Languedoc-Roussillon

map of Languedoc-Roussillon

Ask wine drinkers around the world, and the word “Languedoc” is sure to elicit mixed reactions. On the one hand, the region is still strongly tied to its past as a producer of cheap, insipid bulk wine in the eyes of many consumers. On the other hand, it is the source of countless great values providing affordable everyday pleasure, with an increasing number of higher-end wines capable of rivaling the best from other parts of France.

While there’s no denying the Languedoc’s checkered history, the last two decades have seen a noticeable shift to fine wine, with an emphasis on terroir. Ambitious growers have sought out vineyard sites with poor, well draining soils in hilly zones, curbed back on irrigation and the use of synthetic fertilizers and pesticides, and looked to balance traditional production methods with technological advancements to craft wines with elegance, balance, and a clear sense of place. Today, the overall quality and variety of wines being made in the Languedoc is as high as ever.
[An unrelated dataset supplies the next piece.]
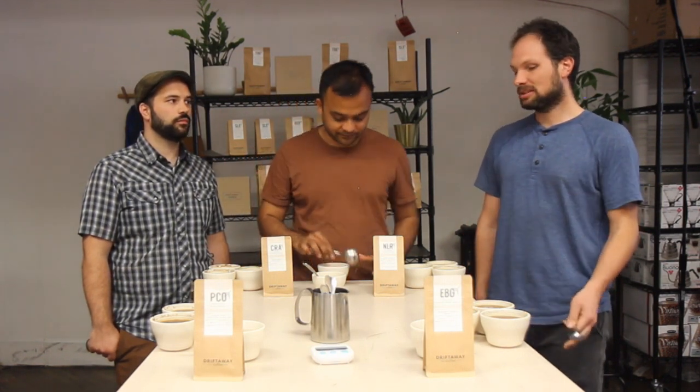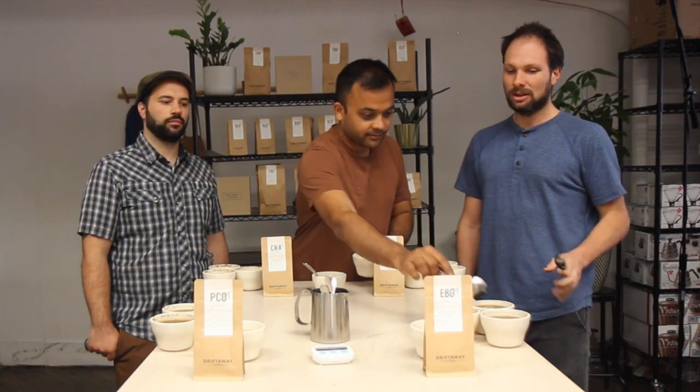This is the first coffee we have from a whole slate of coffees that are arriving in the US this month and next month from places in Africa like Kenya, Ethiopia. We're also getting stuff from Central America.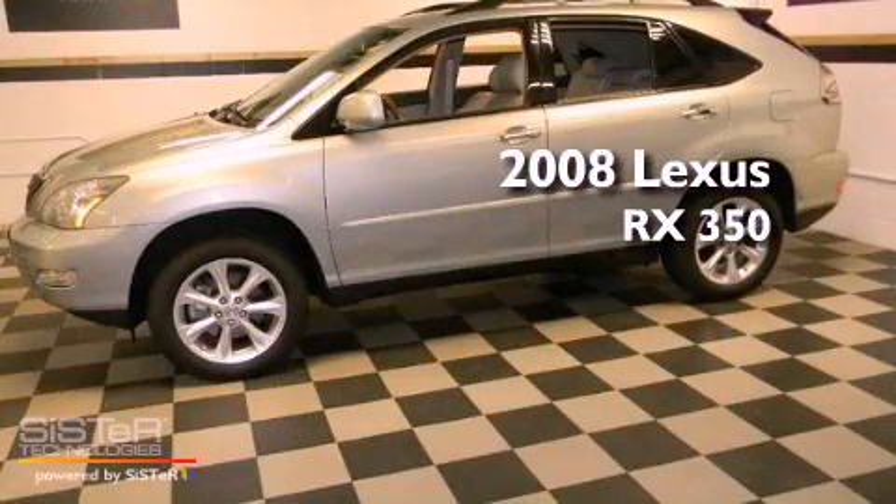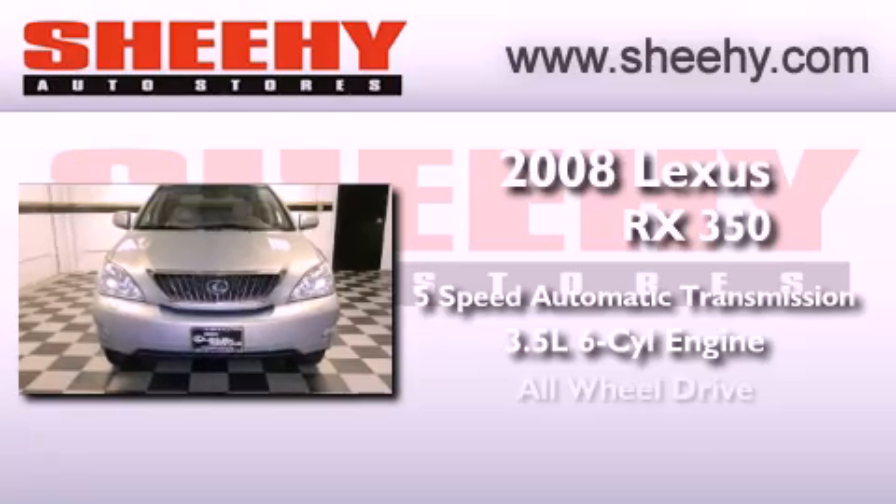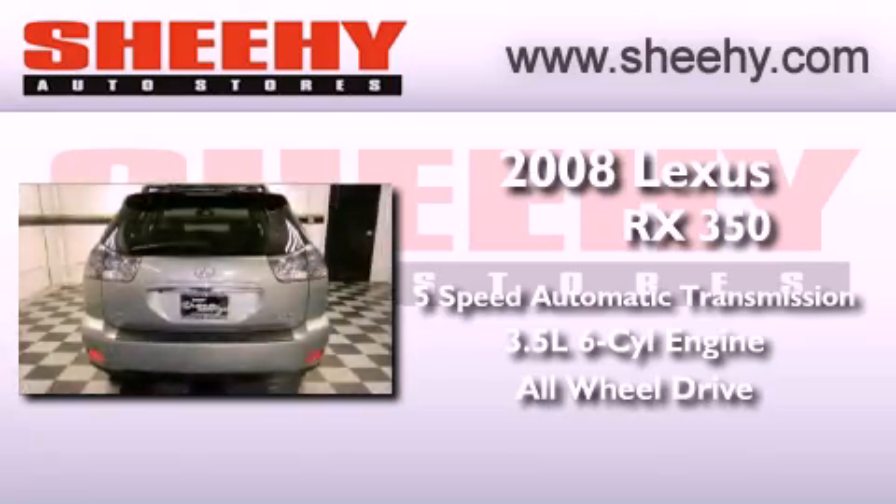This is a 2008 Lexus RX 350. This crossover has a 5-speed automatic transmission, a 3.5-liter V6, and the added safety and control of all-wheel drive.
Shaped like a crescent hugging the Mediterranean coast, the region boasts an enormous variety of soil types and microclimates depending on elevation, exposition, and relative distance from the coastline and the cooler foothills farther inland. While the warm Mediterranean climate is conducive to the production of reds, there are world-class whites and rosés to be found as well, along with stunning dessert wines revered by connoisseurs for centuries.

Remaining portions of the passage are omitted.